A man said to me lately, If you want to be a leader in today’s world you need
to spend time smoking your pipe. No, he wasn’t encouraging us to defy the
smoking ban! Rather, he was urging us to take time, to rest, slow down and
mull over things in some depth. Éist le fuaim na habhann’s geobhair breac.
(Pay attention to the sound of the river and a trout will come). Attention of
that kind needs stillness. Many in today’s world are scared of such silence.
That fear is understandable because silence leaves us vulnerable. In silence
we may discover that what we thought was dead and buried is only buried. It
needs to be faced if we are to find peace. Visitors to Glendalough in Co Wicklow,
a place I know well, are usually told some of the story of St. Kevin. They hear
how one day when Kevin was going up the valley a monster came up out of the lake
and blocked his path. Instead of fighting the monster Kevin set about
taming it. He succeeded and the tamed monster went with him on his journey.
We all have to face our monsters if we too are to travel on in peace. The monster
can be an event from the past, our temper, our accent, our fears. Jesus invites
us to face our monsters in his presence and with his help, so that those monsters
lose their power, are tamed and we find peace. Come to me……and I will
give you rest.
For the diocese this day is one of transition. Our first prayer is one of
heartfelt gratitude for the ministry of Bishop McLoughlin. I know he is
looking forward to a sos after getting through an enormous volume of work,
first as priest and later as bishop, in this diocese. At the bishops meetings
we’ll miss his wonderful sense of humour, his wise judgment, his
compassion, and his knack of getting on with it when business needed to be
done. The people of the diocese know him as a humble, very approachable pastor.
Priests tell me he was always available, interested in and supportive of their
ministry, especially in difficult times. Very much a man of the people, he
combines finely-honed administration skills with a unique pastoral sense,
mixing easily with young and not so young at Confirmations. Today we give
thanks to God for the gifts he have Bishop McLoughlin and for the dedication
that was so evident in the ways those gifts were put and continue to be put
at the service of the Church. Our prayer of deep gratitude for all of this
gives us energy for the mission that lies ahead. We wish him good health and
many years to enjoy a well deserved sos. While respecting his wishes, I do
hope he will continue to be active in whatever ways he feels appropriate. It
would be a shame to let your skills go rusty and talents buried.

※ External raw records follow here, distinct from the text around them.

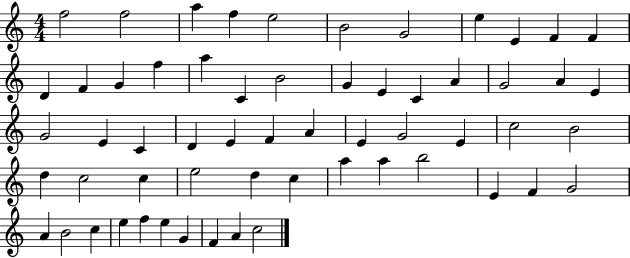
F5/h F5/h A5/q F5/q E5/h B4/h G4/h E5/q E4/q F4/q F4/q D4/q F4/q G4/q F5/q A5/q C4/q B4/h G4/q E4/q C4/q A4/q G4/h A4/q E4/q G4/h E4/q C4/q D4/q E4/q F4/q A4/q E4/q G4/h E4/q C5/h B4/h D5/q C5/h C5/q E5/h D5/q C5/q A5/q A5/q B5/h E4/q F4/q G4/h A4/q B4/h C5/q E5/q F5/q E5/q G4/q F4/q A4/q C5/h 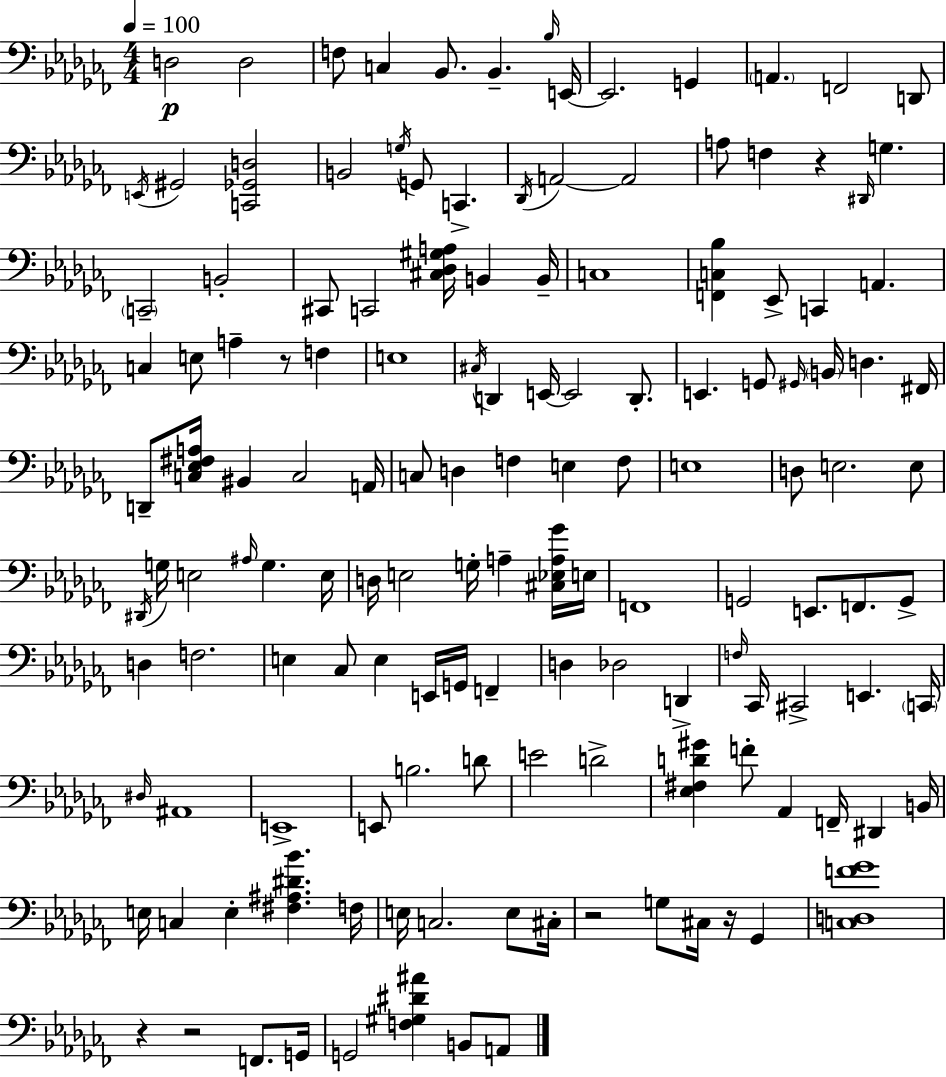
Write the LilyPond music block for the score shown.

{
  \clef bass
  \numericTimeSignature
  \time 4/4
  \key aes \minor
  \tempo 4 = 100
  d2\p d2 | f8 c4 bes,8. bes,4.-- \grace { bes16 } | e,16~~ e,2. g,4 | \parenthesize a,4. f,2 d,8 | \break \acciaccatura { e,16 } gis,2 <c, ges, d>2 | b,2 \acciaccatura { g16 } g,8 c,4.-> | \acciaccatura { des,16 } a,2~~ a,2 | a8 f4 r4 \grace { dis,16 } g4. | \break \parenthesize c,2-- b,2-. | cis,8 c,2 <cis des gis a>16 | b,4 b,16-- c1 | <f, c bes>4 ees,8-> c,4 a,4. | \break c4 e8 a4-- r8 | f4 e1 | \acciaccatura { cis16 } d,4 e,16~~ e,2 | d,8.-. e,4. g,8 \grace { gis,16 } \parenthesize b,16 | \break d4. fis,16 d,8-- <c ees fis a>16 bis,4 c2 | a,16 c8 d4 f4 | e4 f8 e1 | d8 e2. | \break e8 \acciaccatura { dis,16 } g16 e2 | \grace { ais16 } g4. e16 d16 e2 | g16-. a4-- <cis ees a ges'>16 e16 f,1 | g,2 | \break e,8. f,8. g,8-> d4 f2. | e4 ces8 e4 | e,16 g,16 f,4-- d4 des2 | d,4-> \grace { f16 } ces,16 cis,2-> | \break e,4. \parenthesize c,16 \grace { dis16 } ais,1 | e,1-> | e,8 b2. | d'8 e'2 | \break d'2-> <ees fis d' gis'>4 f'8-. | aes,4 f,16-- dis,4 b,16 e16 c4 | e4-. <fis ais dis' bes'>4. f16 e16 c2. | e8 cis16-. r2 | \break g8 cis16 r16 ges,4 <c d f' ges'>1 | r4 r2 | f,8. g,16 g,2 | <f gis dis' ais'>4 b,8 a,8 \bar "|."
} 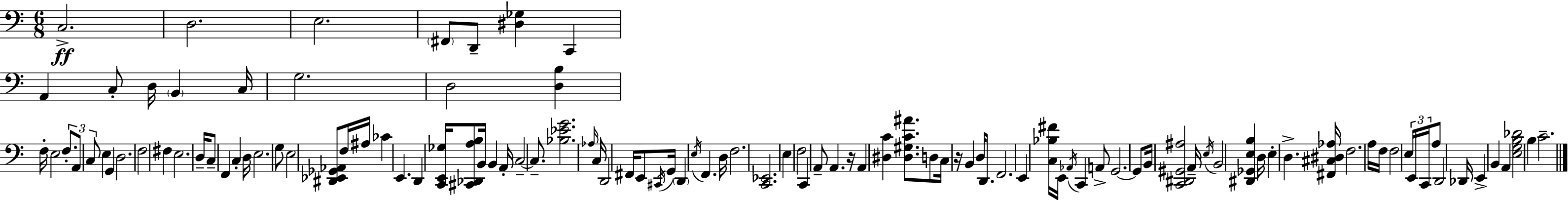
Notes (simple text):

C3/h. D3/h. E3/h. F#2/e D2/e [D#3,Gb3]/q C2/q A2/q C3/e D3/s B2/q C3/s G3/h. D3/h [D3,B3]/q F3/s E3/h F3/e. A2/e C3/e E3/q G2/q D3/h. F3/h F#3/q E3/h. D3/s C3/e F2/q C3/q D3/s E3/h. G3/e E3/h [D#2,Eb2,Gb2,Ab2]/e F3/s A#3/s CES4/q E2/q. D2/q [C2,E2,Gb3]/s [C#2,Db2,A3,B3]/e B2/s B2/q A2/s C3/h C3/e. [Bb3,Eb4,G4]/h. Ab3/s C3/s D2/h F#2/s E2/e C#2/s G2/s D2/q E3/s F2/q. D3/s F3/h. [C2,Eb2]/h. E3/q F3/h C2/q A2/e A2/q. R/s A2/q [D#3,C4]/q [D#3,G#3,C4,A#4]/e. D3/e C3/s R/s B2/q D3/s D2/e. F2/h. E2/q [C3,Bb3,F#4]/s E2/s Ab2/s C2/q A2/e G2/h. G2/e B2/s [C2,D#2,G#2,A#3]/h A2/s E3/s B2/h [D#2,Gb2,E3,B3]/q D3/s E3/q D3/q. [F#2,C#3,D#3,Ab3]/s F3/h. A3/s F3/s F3/h E3/s E2/s C2/s A3/e D2/h Db2/s E2/q B2/q A2/q [E3,G3,B3,Db4]/h B3/q C4/h. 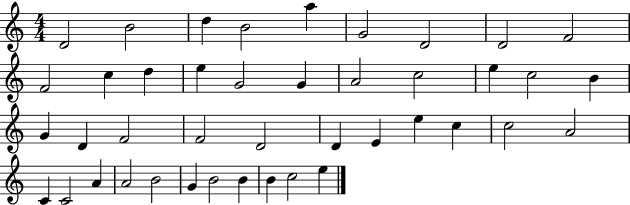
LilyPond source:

{
  \clef treble
  \numericTimeSignature
  \time 4/4
  \key c \major
  d'2 b'2 | d''4 b'2 a''4 | g'2 d'2 | d'2 f'2 | \break f'2 c''4 d''4 | e''4 g'2 g'4 | a'2 c''2 | e''4 c''2 b'4 | \break g'4 d'4 f'2 | f'2 d'2 | d'4 e'4 e''4 c''4 | c''2 a'2 | \break c'4 c'2 a'4 | a'2 b'2 | g'4 b'2 b'4 | b'4 c''2 e''4 | \break \bar "|."
} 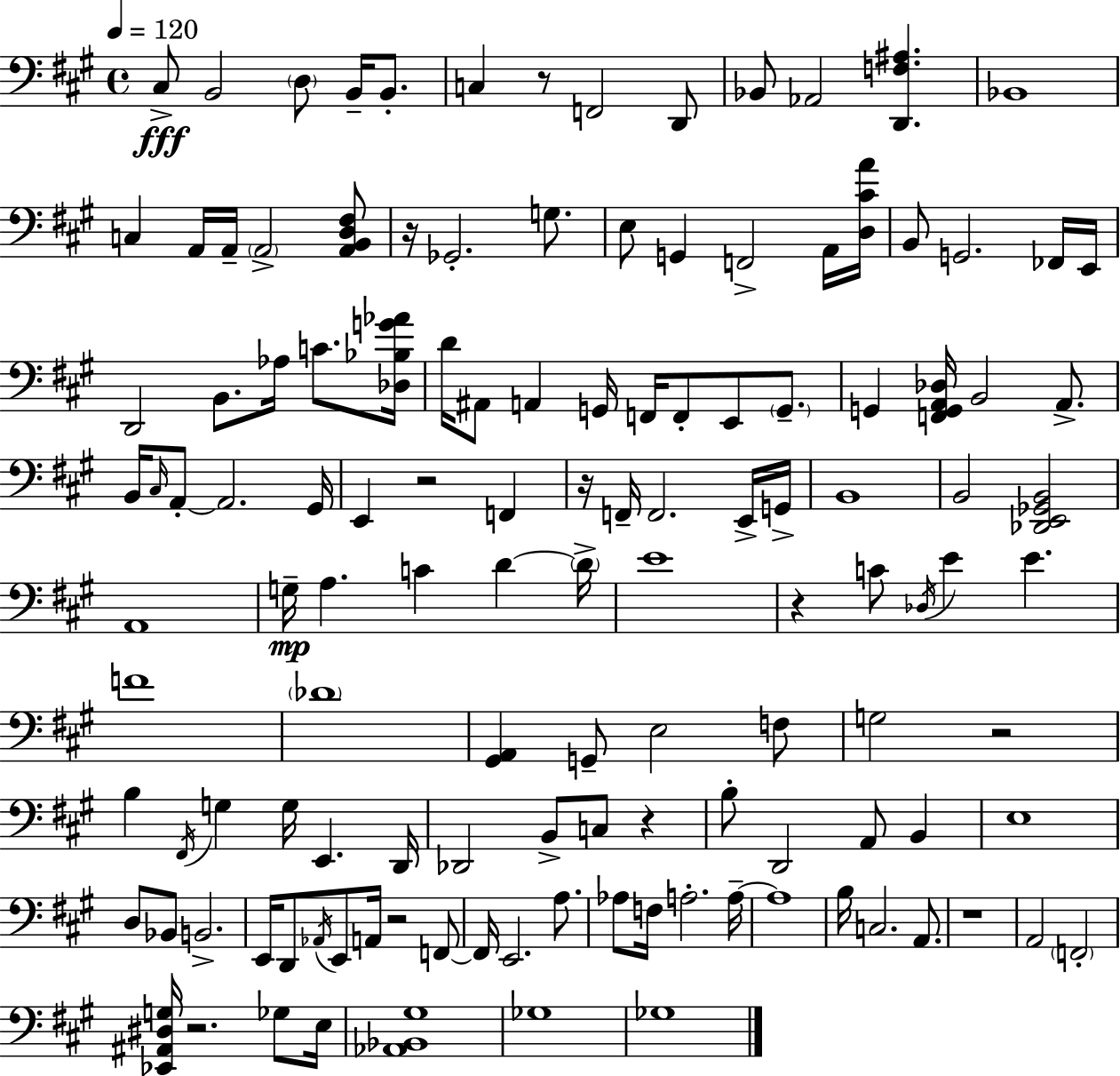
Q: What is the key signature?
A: A major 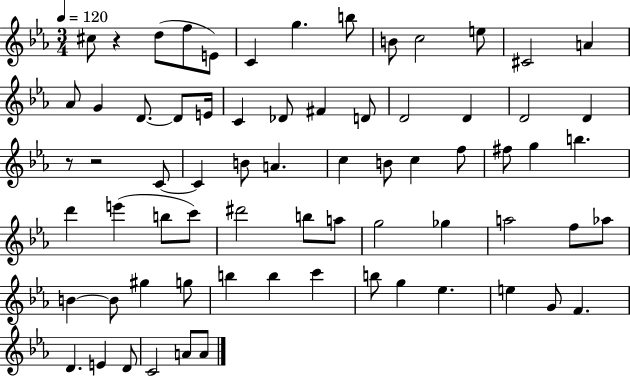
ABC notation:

X:1
T:Untitled
M:3/4
L:1/4
K:Eb
^c/2 z d/2 f/2 E/2 C g b/2 B/2 c2 e/2 ^C2 A _A/2 G D/2 D/2 E/4 C _D/2 ^F D/2 D2 D D2 D z/2 z2 C/2 C B/2 A c B/2 c f/2 ^f/2 g b d' e' b/2 c'/2 ^d'2 b/2 a/2 g2 _g a2 f/2 _a/2 B B/2 ^g g/2 b b c' b/2 g _e e G/2 F D E D/2 C2 A/2 A/2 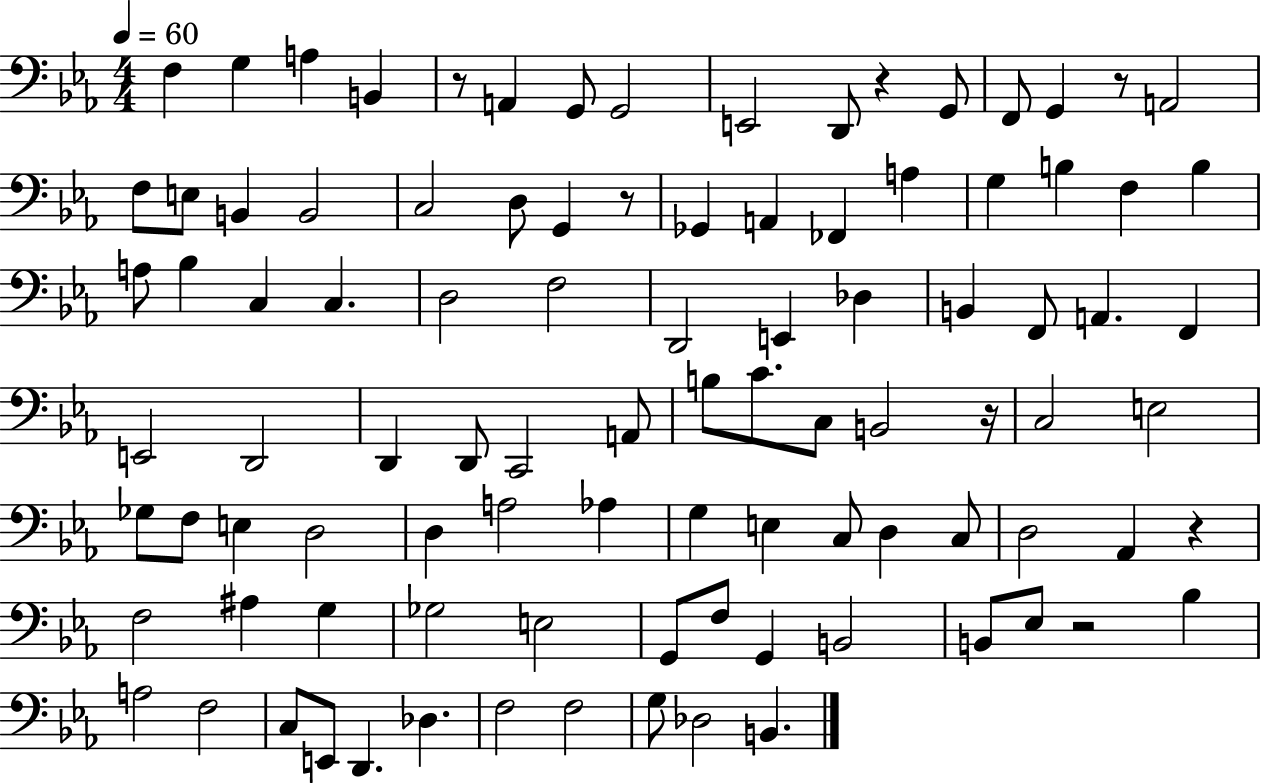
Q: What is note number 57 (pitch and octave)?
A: D3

You may have noticed that for my motto I chose the phrase comhoidhri le Criost,
co-heirs with Christ. We see ourselves in many ways, as Irish, as members of
the EU, proud of our local roots. But our deepest identity is as children of
God, as God’s family, as belonging together. How we see ourselves has a profound
effect on how we live. We have a major task before us to nurture that sense
of belonging to the Church. Here in Galway Pope John Paul challenged all of
us and especially young people to be what God wants us to be. In a few weeks
time a group of young people from this diocese will be in Cologne for World
Youth Day. To make the Church in Galway a place of real welcome for them,
indeed a spiritual home for all, a place of belonging and of faith formation,
this is one major task that lies before us. We are not alone in facing that
challenge, for the Lord is at work in the hearts of all his people doing what
we could never achieve by our efforts. So we go forward in confidence, knowing
that the power behind us is greater thank the task ahead. We take as our guide
words of Pope Benedict, Let us walk together, let us be united. Let us pray
for one another, that the Lord will carry us and that we will learn to carry
one another. If we stay united then we will find the right path.